» **REQUIREMENT**
Your task is to repeat all of the data exactly while excluding the pictures.

» **DATASET EXCERPT**
═══
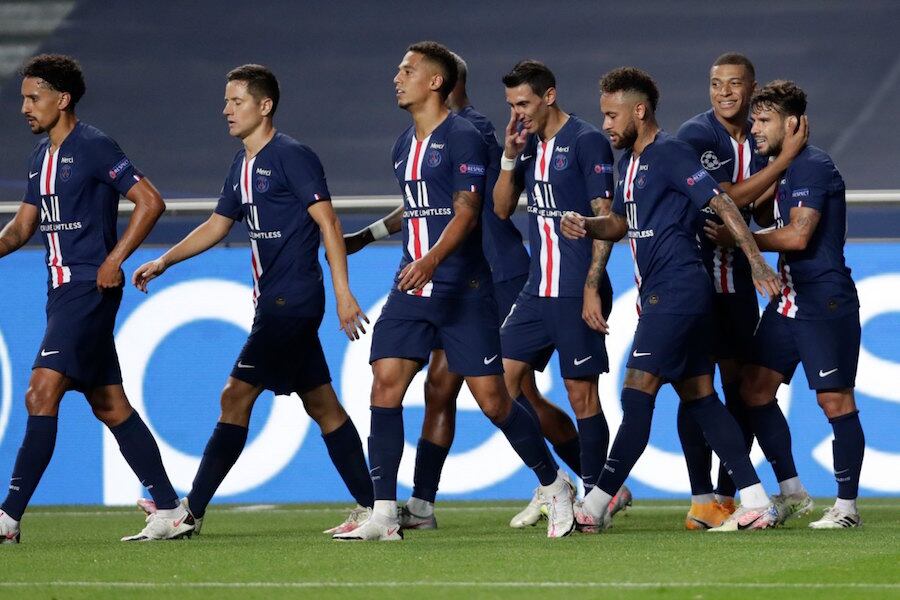 Neymar, Di María y Paredes, tres jugadores del París SG dieron positivo al coronavi­rus luego de unas polémicas vacaciones en Ibiza.FOTO: GENTILEZA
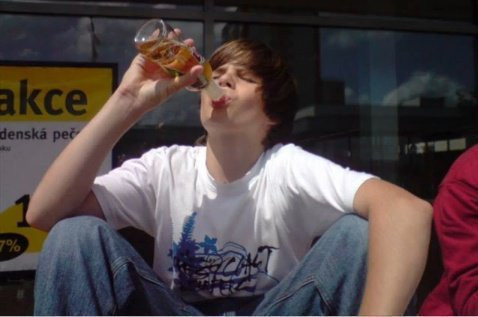  Bieber drinking beer???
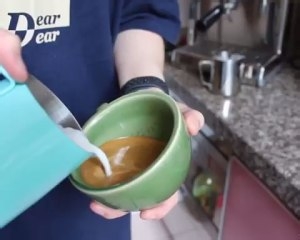 如何制作咖啡拉花
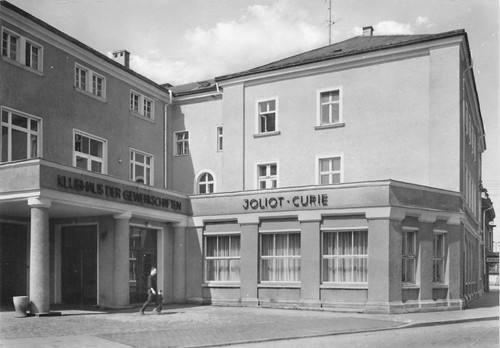 Riesa elbe klubhaus - a.,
═══
» **RESULT**
 Neymar, Di María y Paredes, tres jugadores del París SG dieron positivo al coronavi­rus luego de unas polémicas vacaciones en Ibiza.FOTO: GENTILEZA
  Bieber drinking beer???
 如何制作咖啡拉花
 Riesa elbe klubhaus - a.,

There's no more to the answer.